* _Exercise_: Give again, word for word, every line in the entries below from the line with "Pine Siskin" up to and including the line with "Raisins verts sur", and no other line.

START Data provided

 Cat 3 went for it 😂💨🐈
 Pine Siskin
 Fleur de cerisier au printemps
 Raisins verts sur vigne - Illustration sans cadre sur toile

END Data provided
START Data provided

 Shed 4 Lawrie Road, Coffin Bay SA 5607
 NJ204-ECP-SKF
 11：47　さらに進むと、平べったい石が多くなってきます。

END Data provided

* _The completed task_:
 Pine Siskin
 Fleur de cerisier au printemps
 Raisins verts sur vigne - Illustration sans cadre sur toile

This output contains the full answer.